-- WHAT IS NEEDED --
An exact restatement of all the data is required, with the pictures left out.
-- DATASET EXCERPT follows --
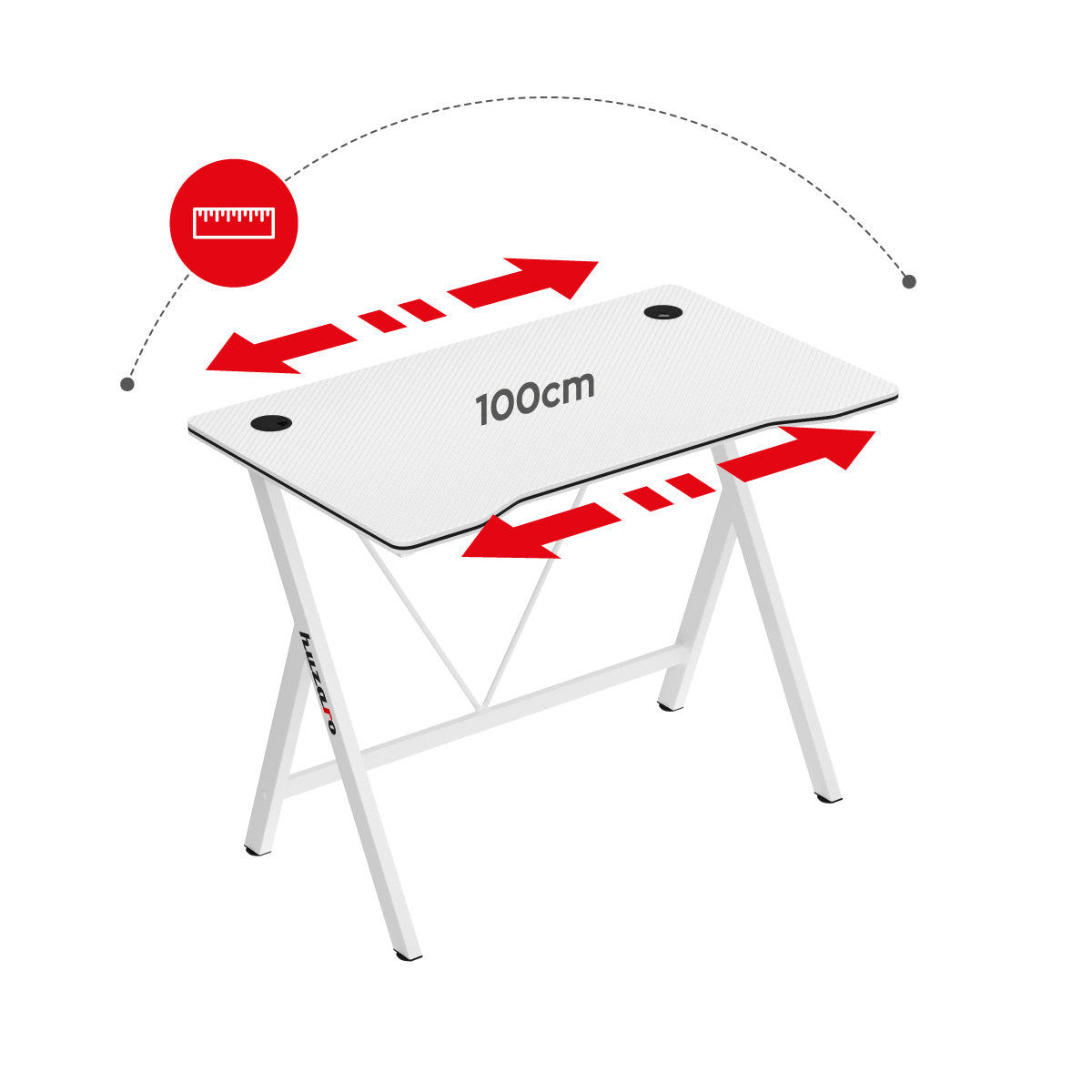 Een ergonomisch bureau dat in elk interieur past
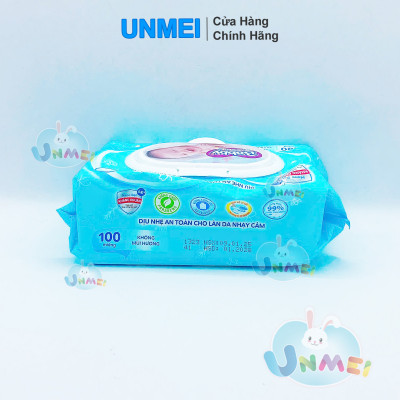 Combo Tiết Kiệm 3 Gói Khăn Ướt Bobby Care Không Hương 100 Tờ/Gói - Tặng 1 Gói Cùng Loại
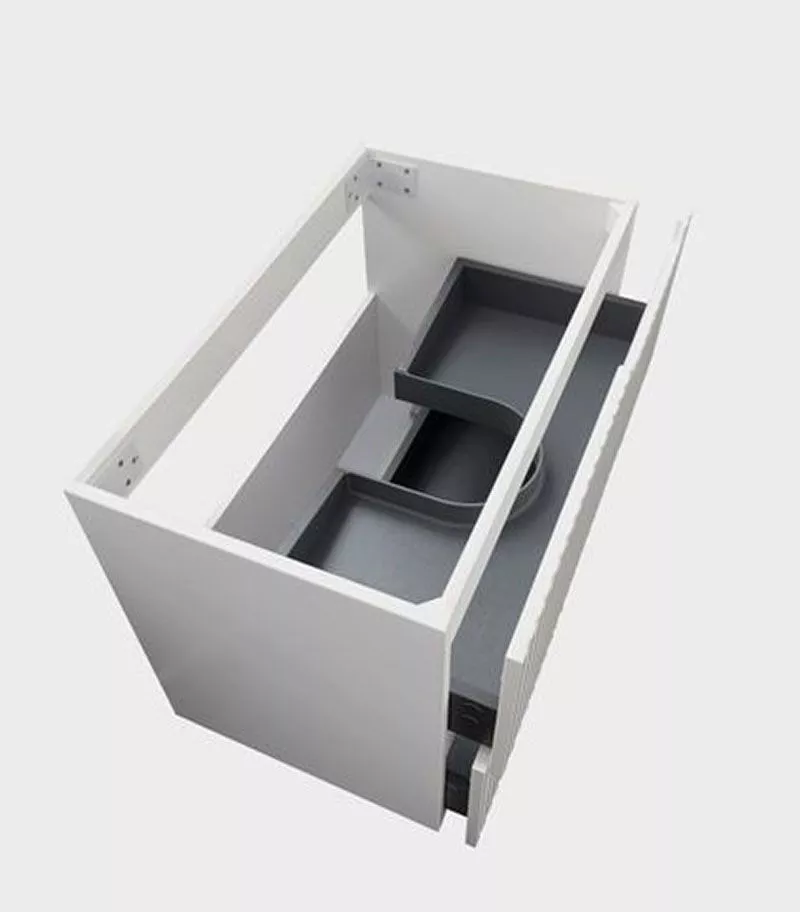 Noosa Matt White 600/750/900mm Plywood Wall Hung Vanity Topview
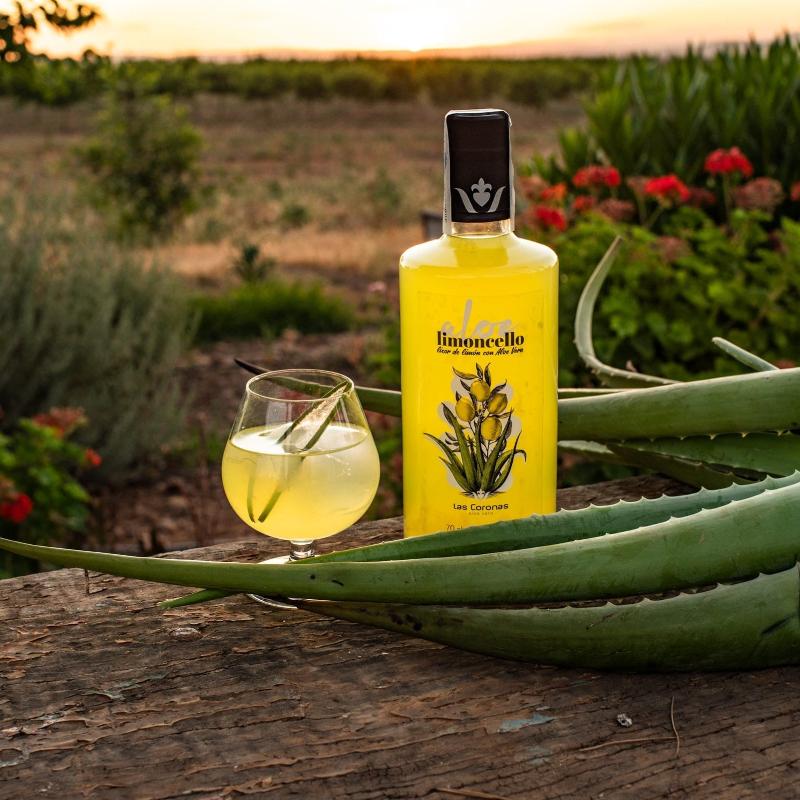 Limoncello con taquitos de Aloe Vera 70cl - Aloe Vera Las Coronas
-- DATASET EXCERPT concluded --
-- REPLY TO THE EXERCISE --
 Een ergonomisch bureau dat in elk interieur past
 Combo Tiết Kiệm 3 Gói Khăn Ướt Bobby Care Không Hương 100 Tờ/Gói - Tặng 1 Gói Cùng Loại
 Noosa Matt White 600/750/900mm Plywood Wall Hung Vanity Topview
 Limoncello con taquitos de Aloe Vera 70cl - Aloe Vera Las Coronas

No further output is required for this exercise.